How to programmatically assign roles and permissions to services and/or RequestDTOs

Question

Statically I set access to my services like so:

[Authenticate]
public class AppUserService : Service
{
    [RequiredRole("Administrator")]
    public object Post(CreateAppUser request)
    {
         //.....
    }
}

How can I do this programmatically?

I will let the user create roles using a GUI. Then I will present a list of available methods, e.g. by providing the methods using improved code like:

        var appHost = HostContext.AppHost;
        var restPaths = appHost.RestPaths;
        foreach (var restPath in restPaths)
        {
            var reqType = restPath.RequestType;
            string verbs = string.Empty;
            if (restPath.Verbs != null)
            {
                var counter = 0;
                foreach (var verb in restPath.Verbs)
                {
                    if (counter > 0) verbs += ", ";
                    verbs += verb;
                    counter++;
                }  
            }
            Debug.WriteLine($"Path: {restPath.Path} | Verbs: {verbs} | Name: {reqType.Name} FullName: {reqType.FullName}");
        }

The code above outputs something like

Path: /appusers | Verbs: POST | Name: CreateAppUser FullName: MyServer.ServiceModel.DTOs.Request.CreateAppUser

So I could show in my UI the Name property of the RequestType and let him define, what roles are allowed to call this method. So the user may create a role called 'User Management' and allow members of this role to execute CreateAppUser.
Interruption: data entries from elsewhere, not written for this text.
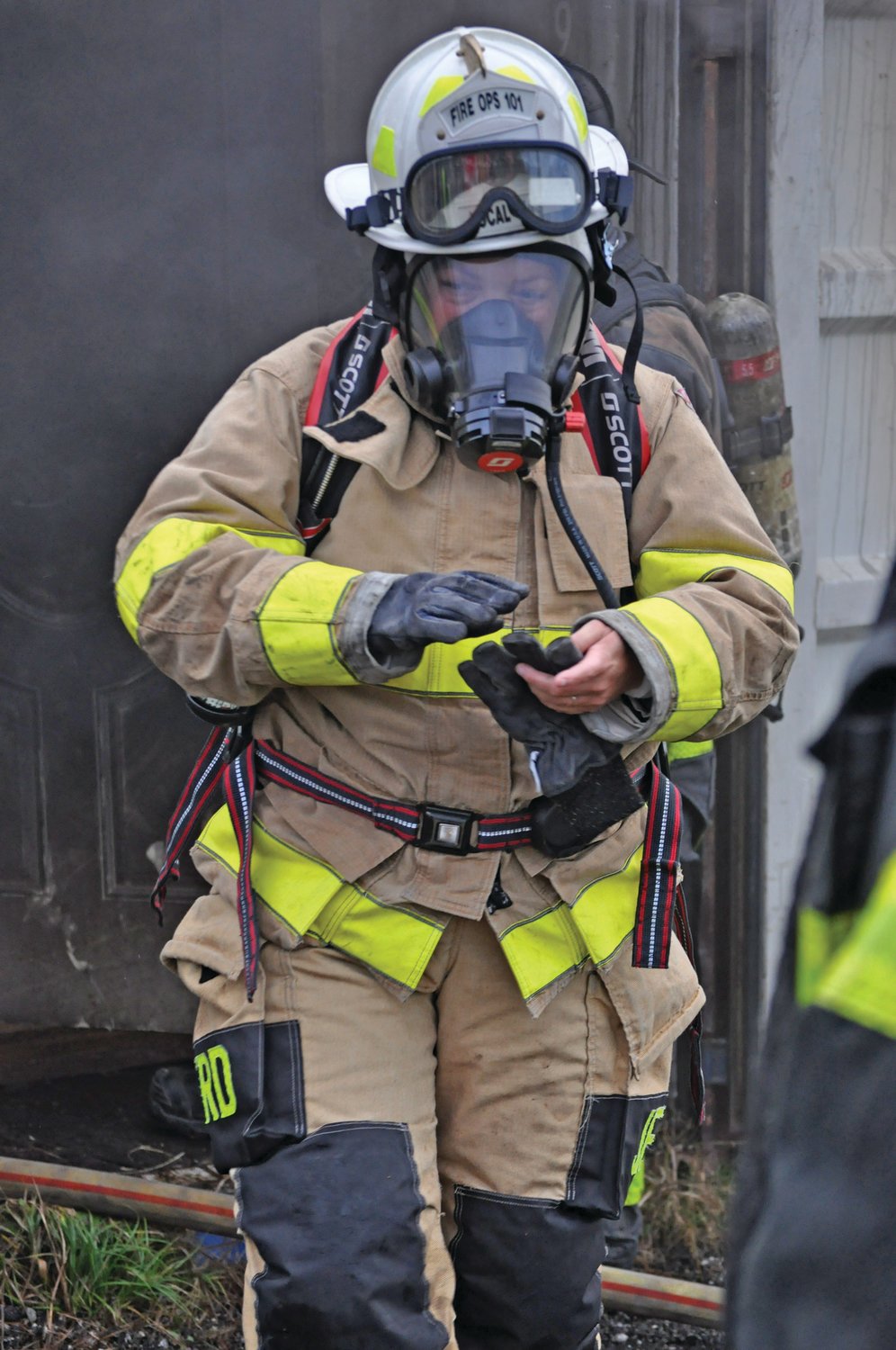 Ripley Township Trustee Jamie Selby emerges from a simulated fire at the Crawfordsville Fire Department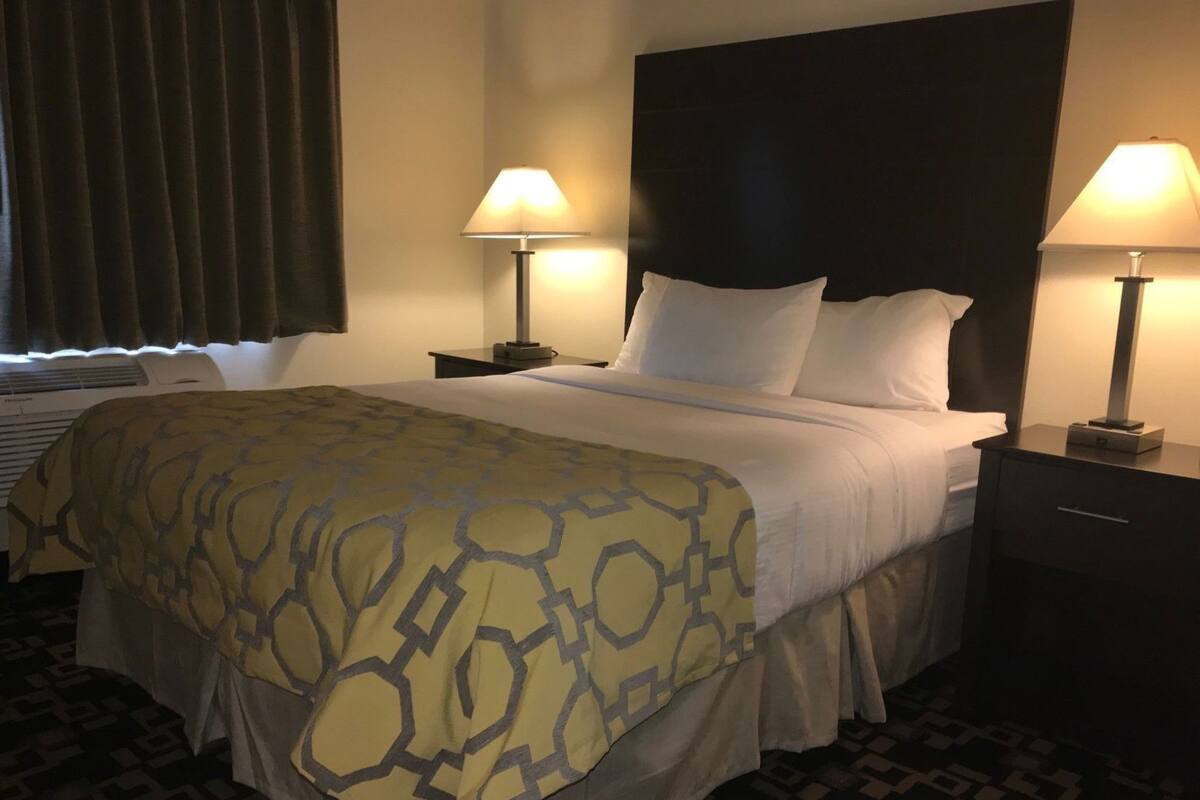 Ein Hotelzimmer mit einem Bett, zwei Nachttischlampen, einem Kopfteil, einem Nachttisch und einem gemusterten Teppich.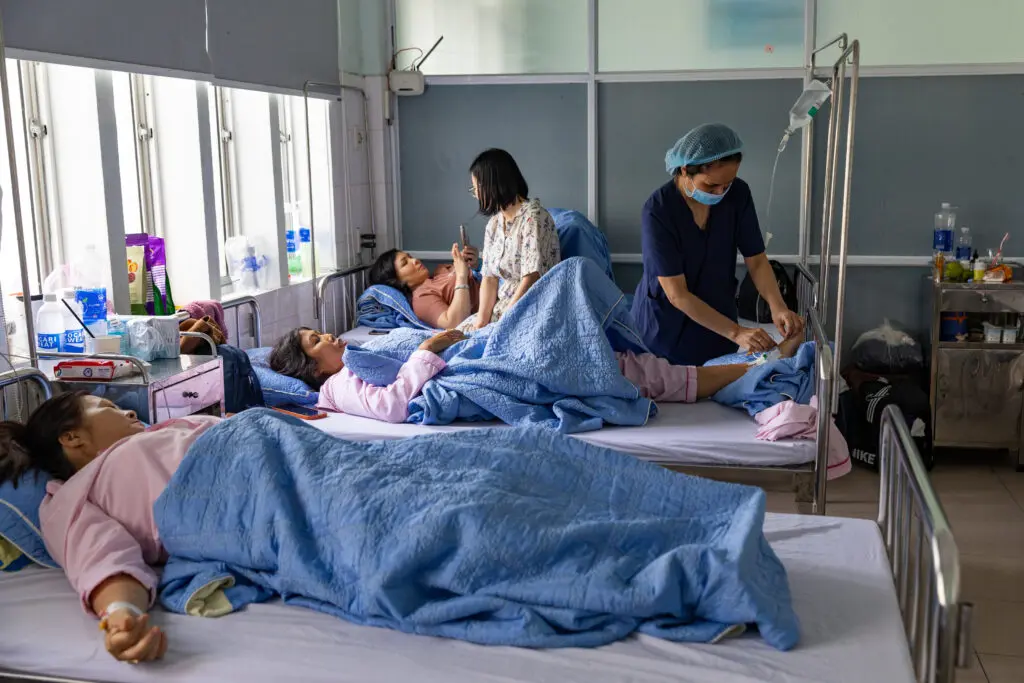 A nurse adjusts an IV line for a patient recovering from breast reconstruction after cancer in a shared hospital room, while a visitor sits nearby.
Using annotations I would write

[RequiredRole("Administrator", "User Management")]
public object Post(CreateAppUser request)
{ .... }

Is this anyhow possible in C# code?

Answer 1

ServiceStack does have a way to dynamically Add Attributes at runtime, e.g:

typeof(CreateAppUser)
  .AddAttributes(new RequiredRoleAttribute("Administrator", "User Management"));

Which is an alternative to declaring attributes statically, but it's still not a solution for a data-driven authorization system.

But you could add your own custom Authorization logic in addition to ServiceStack's built-in attributes by validating it in your Service:

public ICustomAuth CustomAuth { get; set; }

public object Post(CreateAppUser request)
{
    var session = base.GetSession();
    var requiresRoles = CustomAuth.GetRequiredRoles(request.GetType());
    var hasAllRoles = requiresRoles.All(r => 
        session.HasRole(r, base.AuthRepository))
    if (!hasAllRoles)
        throw new UnauthorizedAccessException("Requires all roles");
}

If you do this a lot you will want to refactor the custom validation logic into a single reusable method, or if you prefer into a custom RequestFilter attribute.